Pertama, sebagian besar Bani Umayyah pada awalnya (pra-Islam) mutlak menentang kedatangan risalah Muhammad Rosululloh SAW, bahkan mengusung bendera perlawanan dan menabuh genderang perang serta melancarkan berbagai serangan terhadapnya selama lebih dari dua puluh tahun. Bani Umayyah bersedia masuk Islam ketika peristiwa Fathu Makkah.
Kedua, Bani Umayyah terlibat dalam konfrontasi politik dengan Ahlu Bait sejak terbunuhnya Utsman bin Affan, sehingga emosional sebagian besar umat Islam cenderung memihak Ahlu Bait demi memandang kedudukan merak dikalangan umat Islam.

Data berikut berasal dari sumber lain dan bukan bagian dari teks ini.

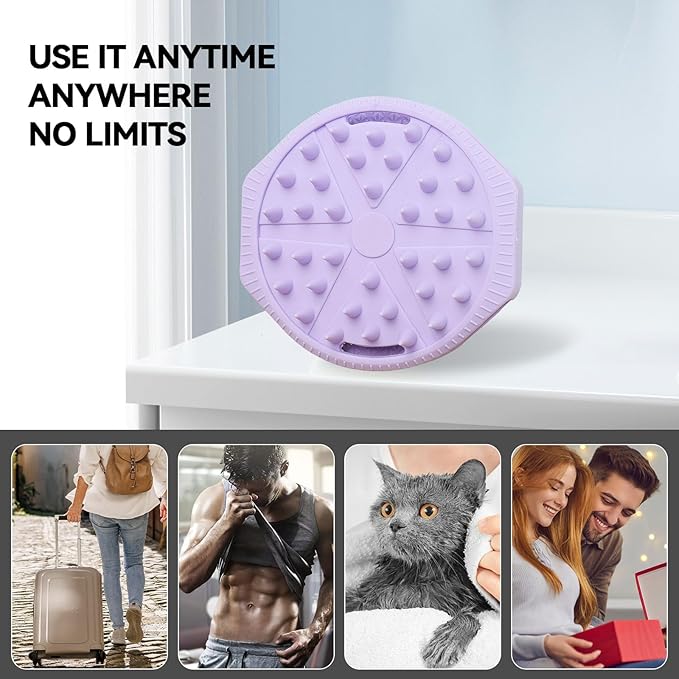 Dual-Sided Silicone Body Scrubber, Silicone Loofah for Shower Exfoliating Body Brush Scrubber for Men and Women for All Skin, Scalp Massager Lather Well＆Easy to Clean (Purple)
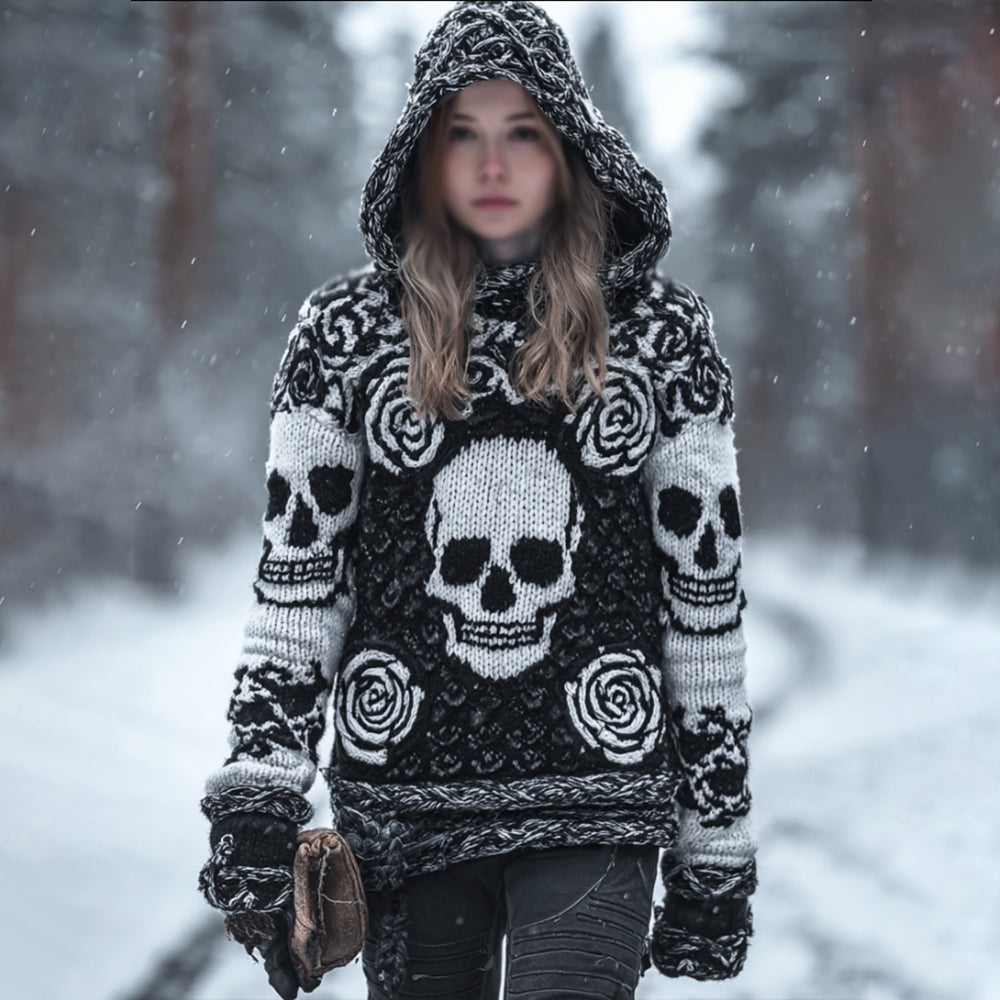 Women's Vintage Three-dimensional Skull Rose Black And White Warm Hooded Sweater 28d3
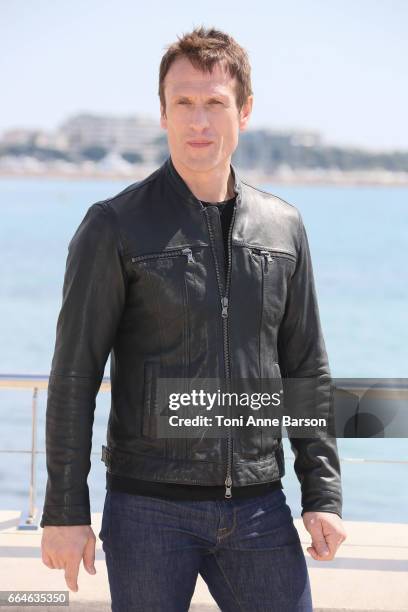Simon Merrells attends "Knightfall" photocall during MIPTV 2017 on April 4, 2017 in Cannes, France.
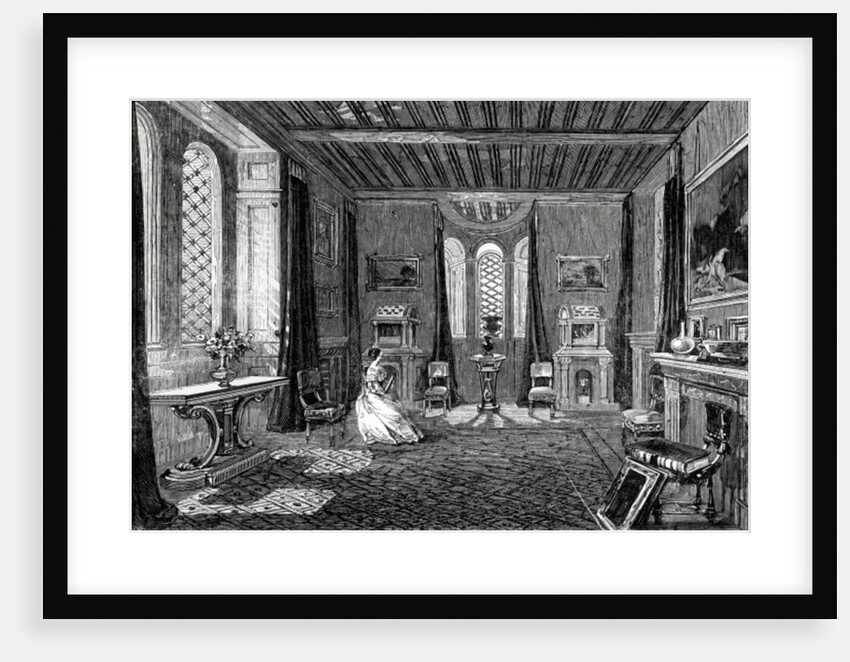 Lansdown Tower - The Scarlet Drawing-Room, published in 'The Illustrated London News', 1845 by English School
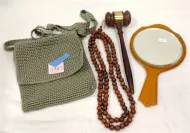 OLD NAVY WOVEN HANDBAG, WOODEN BEADS, GAVEL, OLD CELLULOID HAND MIRROR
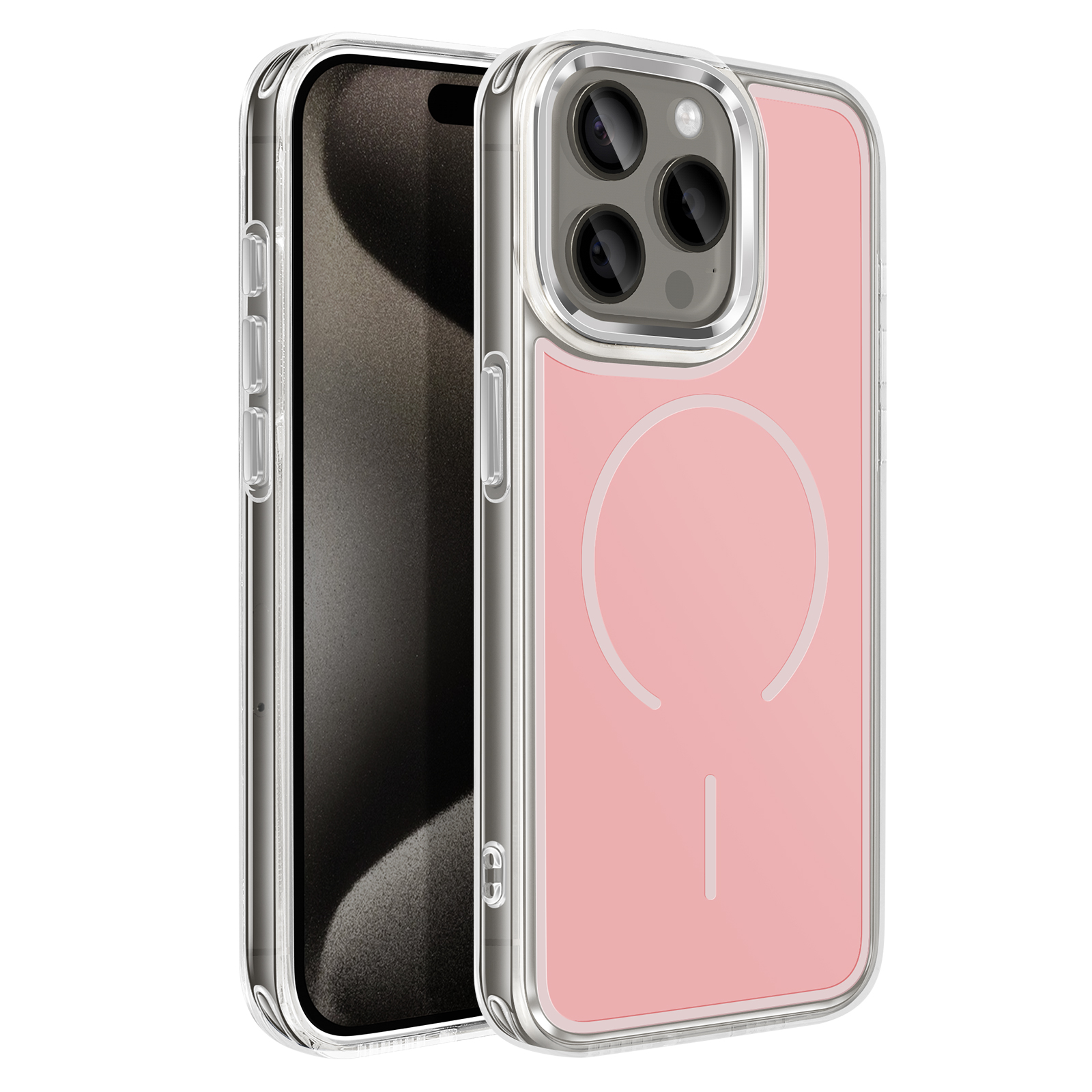 Une coque de téléphone transparente avec dos rose et module caméra.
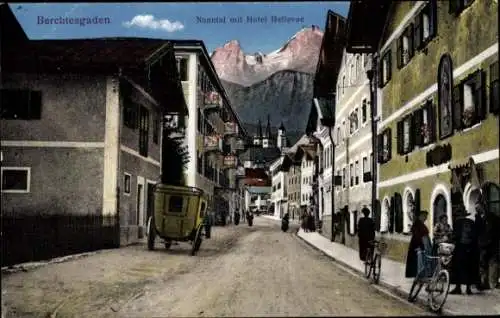 Ak Berchtesgaden, Nonntal mit Hotel Bellevue, Fahrrad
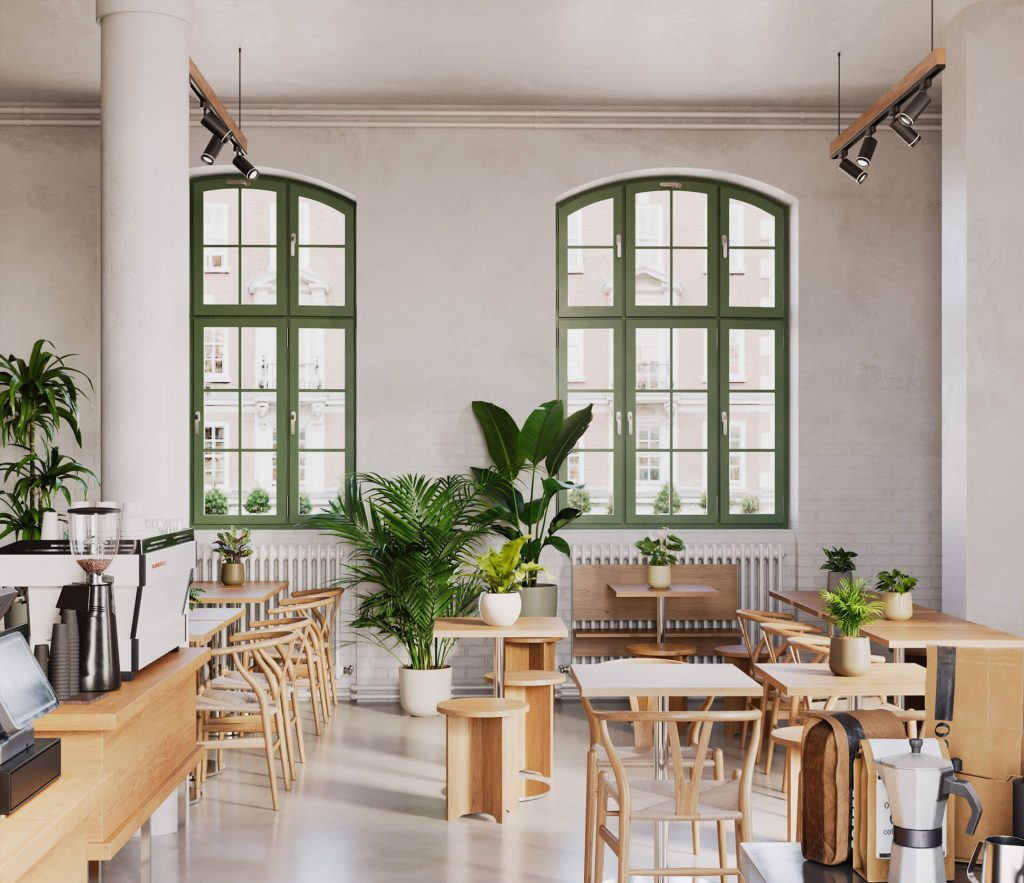 3D Interior Visualization of a trendy Cafe with Realistic fittings Rendering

Ketiga, beberapa kesalahan fatal yang dilakukan sebagian khalifah Bani Umayyah, seperti menyerang dua kota suci umat Islam-Makkah dan Madinah-yang mengguncang emosional umat Islam dan gaungnya senantiasa mewarnai jiwa dan aneka tulisan mereka.
Keempat, banyaknya kelompok yang memusuhi Bani Umayyah, seperti Syiah, Khawarij, dan para pendengki mereka yang tamak dalam memperoleh kekuasaan yang menjerumuskan mereka dalam pertemuparan sengit.
Kelima, provokasi dan informasi-informasi negatif itu senantiasa menyebar dalam pembicaraan masyarakat hingga masa pembukuan.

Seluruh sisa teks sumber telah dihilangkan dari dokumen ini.